The full text of the records below, minus any pictures, should be given back word for word.
** STUDY MATERIAL follows **
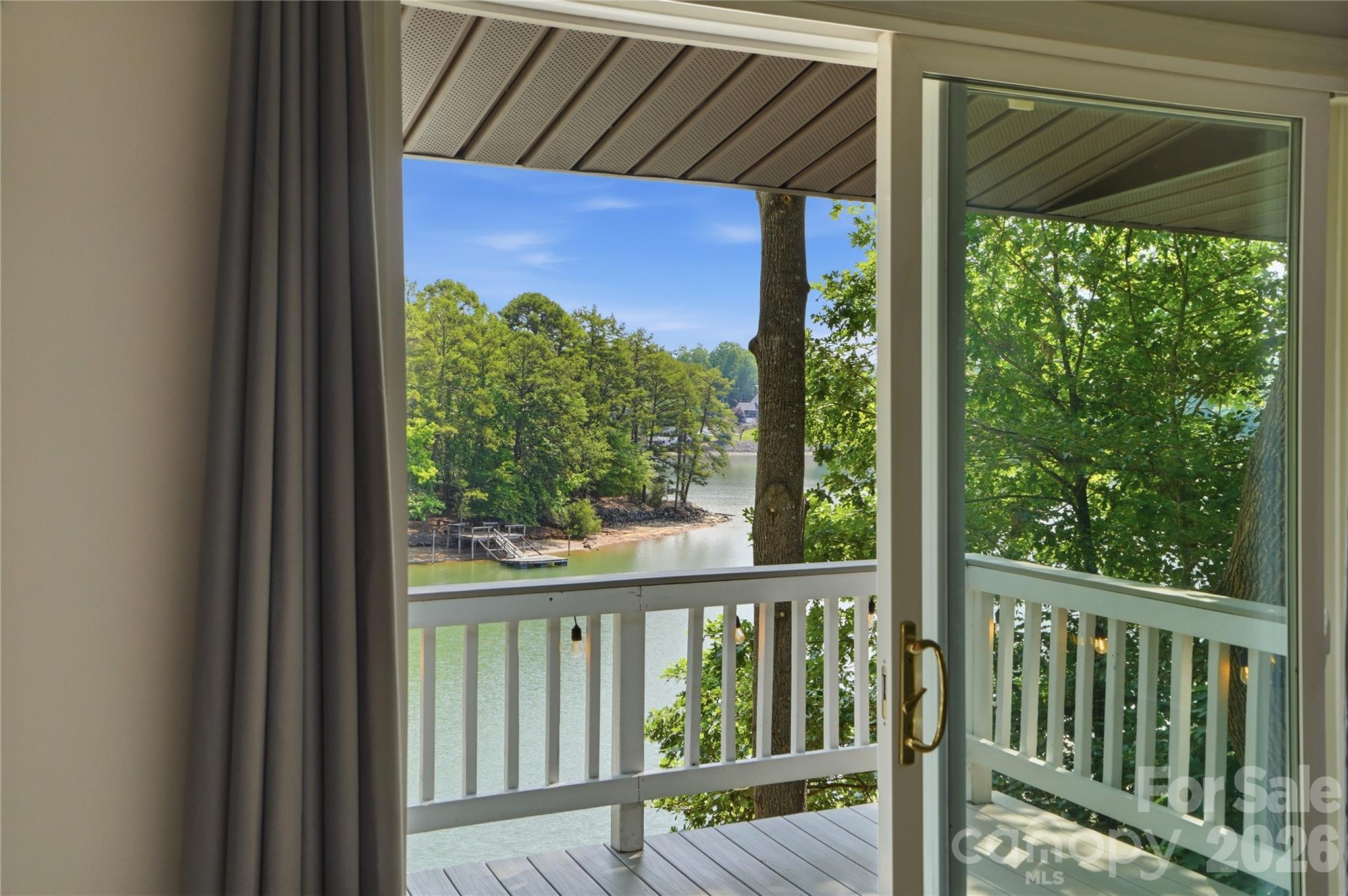 1113 Palmyra Drive — Tega Cay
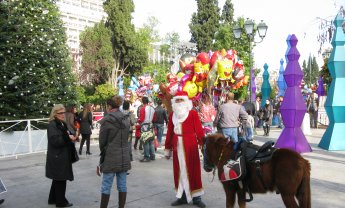 Αραρίσκοντας Ηλίας Προβόπουλος: Κάποτε στο Σύνταγμα βλέπαμε και καμήλες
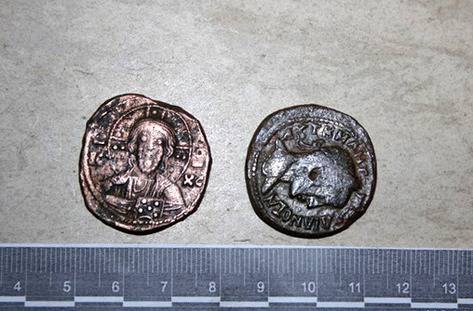 Иззеха над 290 антични монети в столицата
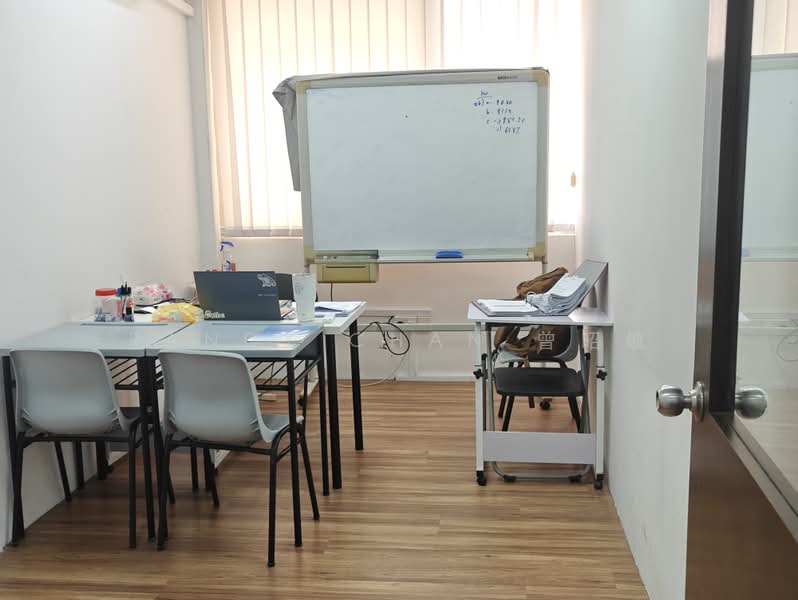 Parkway Centre, 1 Marine Parade Central, East Coast / Marine Parade, 829 sqft, Office For Sale, by Randy Chan 曾昭敏, 500223070 - Study - CommercialGuru.com.sg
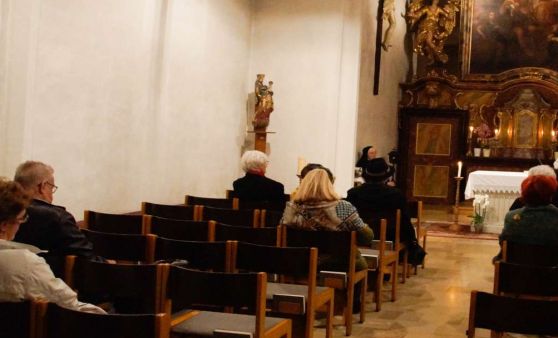 2022.11.03 Monats-Stammtisch: Seelenmesse und Vortrag Stadträtin Mag.a. Katrin Auer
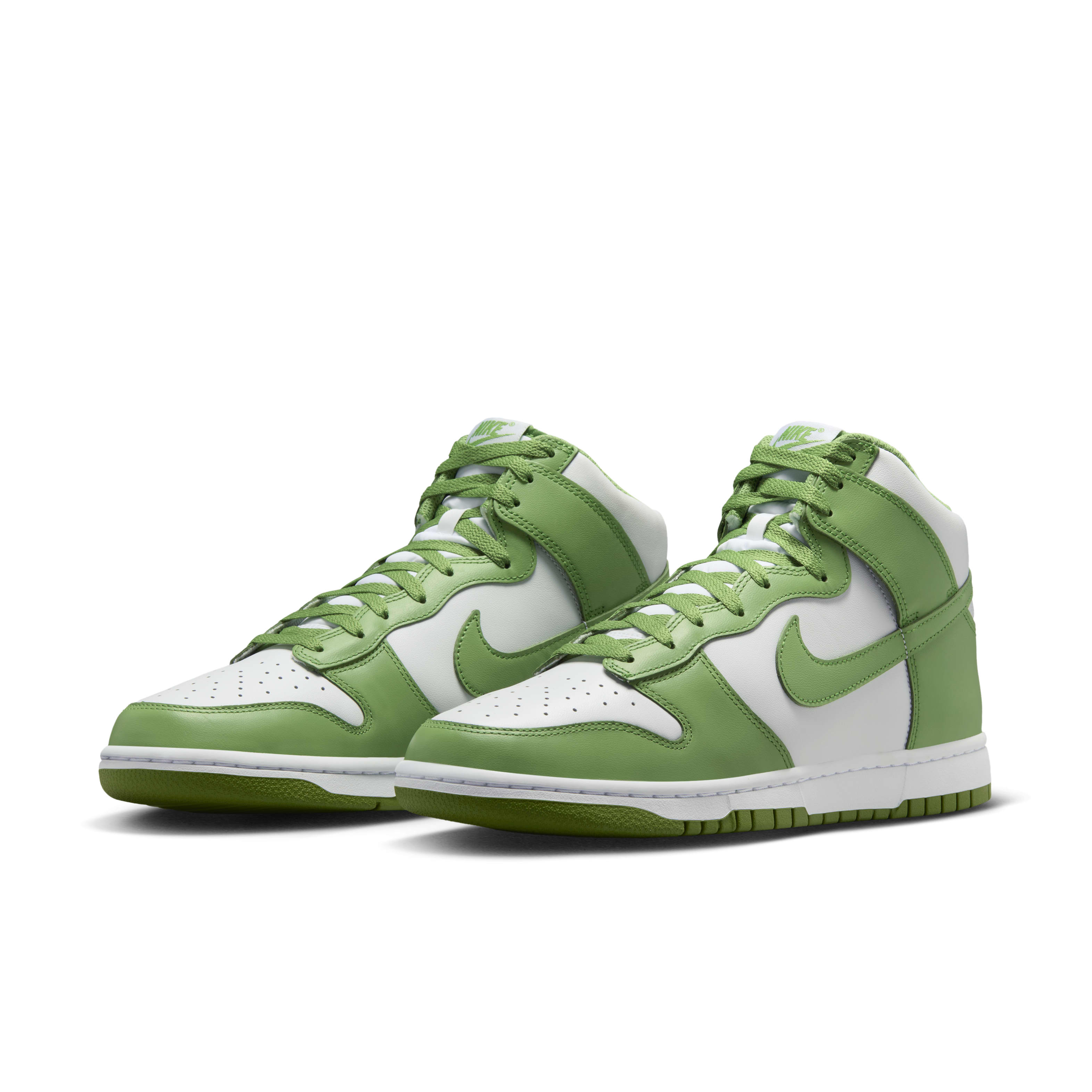Nike Dunk High Retro image number 4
** End of STUDY MATERIAL **
● **FINISHED EXERCISE**:
 1113 Palmyra Drive — Tega Cay
 Αραρίσκοντας Ηλίας Προβόπουλος: Κάποτε στο Σύνταγμα βλέπαμε και καμήλες
 Иззеха над 290 антични монети в столицата
 Parkway Centre, 1 Marine Parade Central, East Coast / Marine Parade, 829 sqft, Office For Sale, by Randy Chan 曾昭敏, 500223070 - Study - CommercialGuru.com.sg
 2022.11.03 Monats-Stammtisch: Seelenmesse und Vortrag Stadträtin Mag.a. Katrin Auer
Nike Dunk High Retro image number 4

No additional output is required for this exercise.